Types Of Matrices

In the previous article, we learned about systems of linear equations can be represented using a matrix or augmented matrix. There are many types of matrices which we are going to explore in this post.

In general matrix are referred using their order which is m \times n where m is the rows and n is number of columns in the matrix.

If A[a_{ij}] is a matrix of order m \times n , then,

A = [a_{ij}]_{m \times n} = \begin{bmatrix} a_{11} & a_{12} & a_{1n}\\ a_{21} & a_{22} & a_{2n}\\ a_{m1} & a_{m2} & a_{mn}\end{bmatrix}.

Types of Matrices

There are many types of matrix in linear systems. We have listed few important ones.

  • Square matrix
  • Diagonal matrix
  • Scalar matrix
  • Unit or Identity matrix
  • Null matrix
  • Upper triangular
  • Lower triangular matrix

There are some other types about which we shall discuss later. Let us try to know these basic matrices more.

Square Matrix

A matrix of order m \times n where m = n is known as square matrix. For example,

A = \begin{bmatrix}1 & 4 & 9\\ 3 & 7 & 3 \\ 1 & 3 & 1\end{bmatrix}_{3 \times 3}

Note: a_{11}, a_{22}, a_{33} are diagonal elements.

Diagonal Matrix

A square matrix with all diagonal elements as 0 is called a diagonal matrix, but the diagonal elements may or may not be zero. For example,

A = \begin{bmatrix}1 & 0 & 0\\ 0 & 7 & 0 \\ 0 & 0 & 1\end{bmatrix}_{3 \times 3}

Scalar Matrix

A diagonal matrix with equal diagonal elements are called a scalar matrix. The scalar matrix is obtained by multiplying the identity matrix with a scalar value.

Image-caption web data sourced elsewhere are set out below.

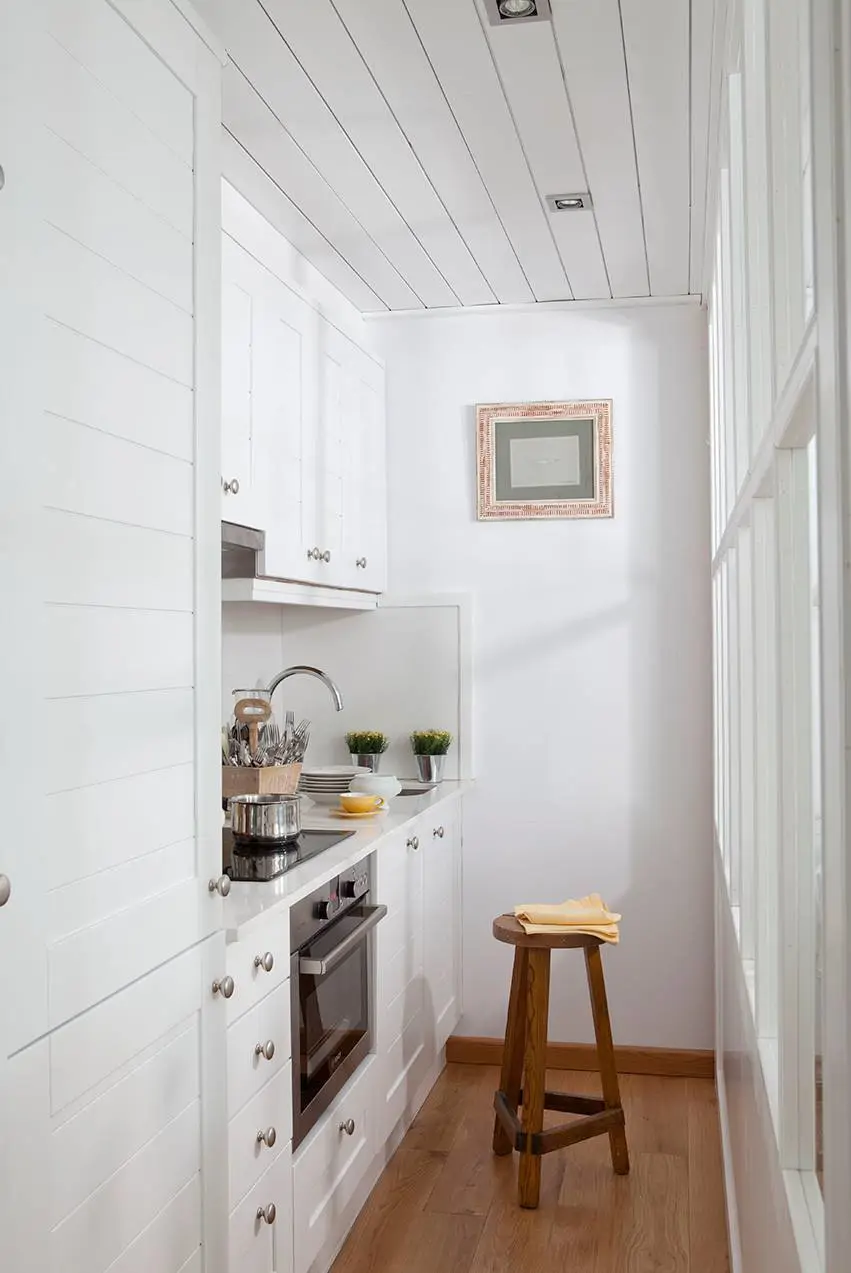 Cocina pequeña con muebles en color blanco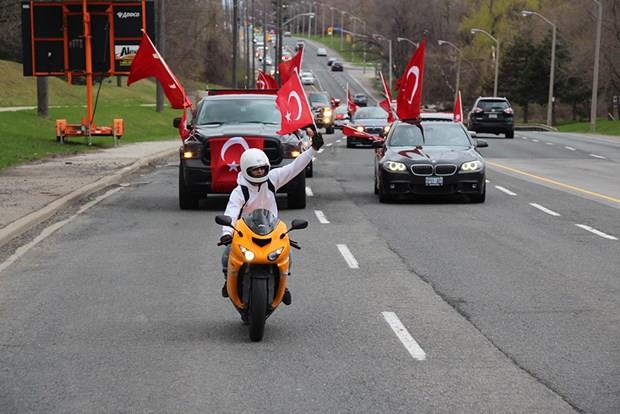 Anayasa deiiklii iin yaplan halk oylamasnda, resmi olmayan sonulara gre "evet" kmasnn ardndan, dnyann drt bir yannda yaayan Trkler kutlamalar yapt.  <p>    Kanada
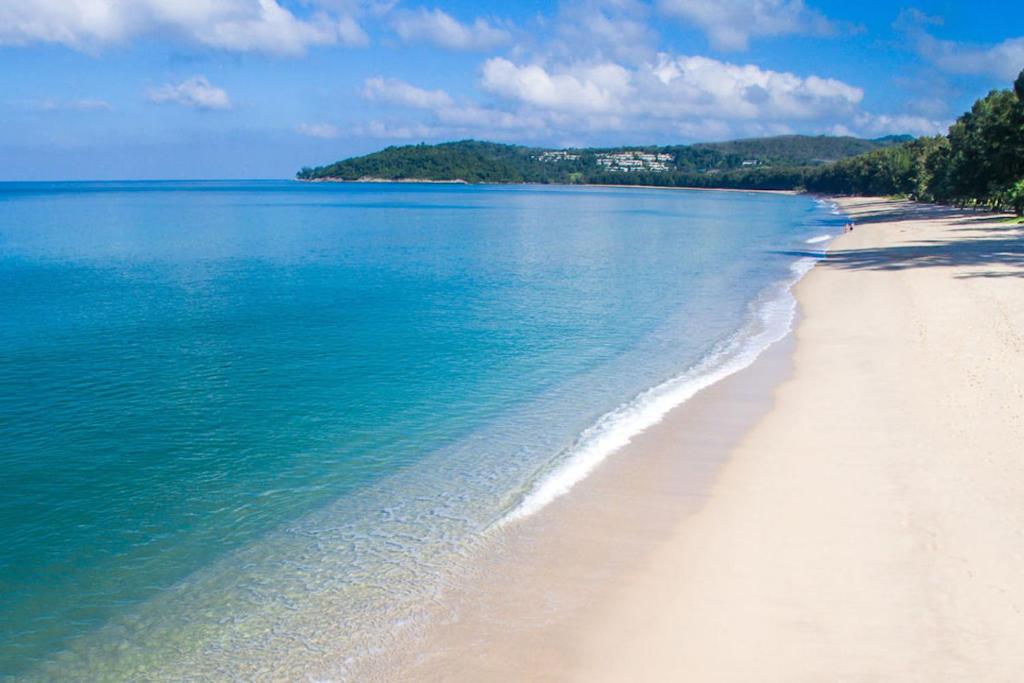New 3BR Chalet-Style Villa Pasak Paradise 3, Private Pool, 10min grive to Laguna Phuket photo 1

A = \begin{bmatrix}7 & 0 & 0\\ 0 & 7 & 0 \\ 0 & 0 & 7\end{bmatrix}_{3 \times 3}

B= \begin{bmatrix}2 & 0\\ 0 & 2\end{bmatrix}_{2 \times 2}

Unit Matrix or Identity Matrix

A square matrix with diagonal elements as 1 and all non-diagonal elements as 0 is known as a Unit or an Identity matrix. Also, note that the unit matrix is a scalar matrix in itself.

I_3 = \begin{bmatrix}1 & 0 & 0\\ 0 & 1 & 0 \\ 0 & 0 & 1\end{bmatrix}_{3 \times 3}

I_2 = \begin{bmatrix}1 & 0\\ 0 & 1\end{bmatrix}_{2 \times 2}

Null Matrix

Usually no one creates null matrix, it is obtained due to some algebraic operations performed in matrices. A m \times n matrix with all elements equal to zero is called a null matrix.

O_3 = \begin{bmatrix}0 & 0 & 0\\ 0 & 0 & 0 \\ 0 & 0 & 0\end{bmatrix}_{3 \times 3}

O_2 = \begin{bmatrix}0 & 0\\ 0 & 0\end{bmatrix}_{2 \times 2}

Upper Triangular Matrix

Matrix with lower diagonals equal to zero is called an Upper triangular matrix. For example,

U_{3 \times 3} = \begin{bmatrix}1 & 2 & 3\\ 0 & 4 & 5 \\ 0 & 0 & 6\end{bmatrix}_{3 \times 3}

For upper triangular matrix, a_{ij} = 0, for i > j and denoted by U.

Lower Triangular Matrix

The lower triangular matrix has its upper diagonals as zero and it is denoted by L.

L_{3 \times 3} = \begin{bmatrix}1 & 0 & 0\\ 4 & 2 & 0 \\ 7 & 3 & 3\end{bmatrix}_{3 \times 3}

For lower triangular matrix, a_{ij} = 0, for i < j and denoted by L.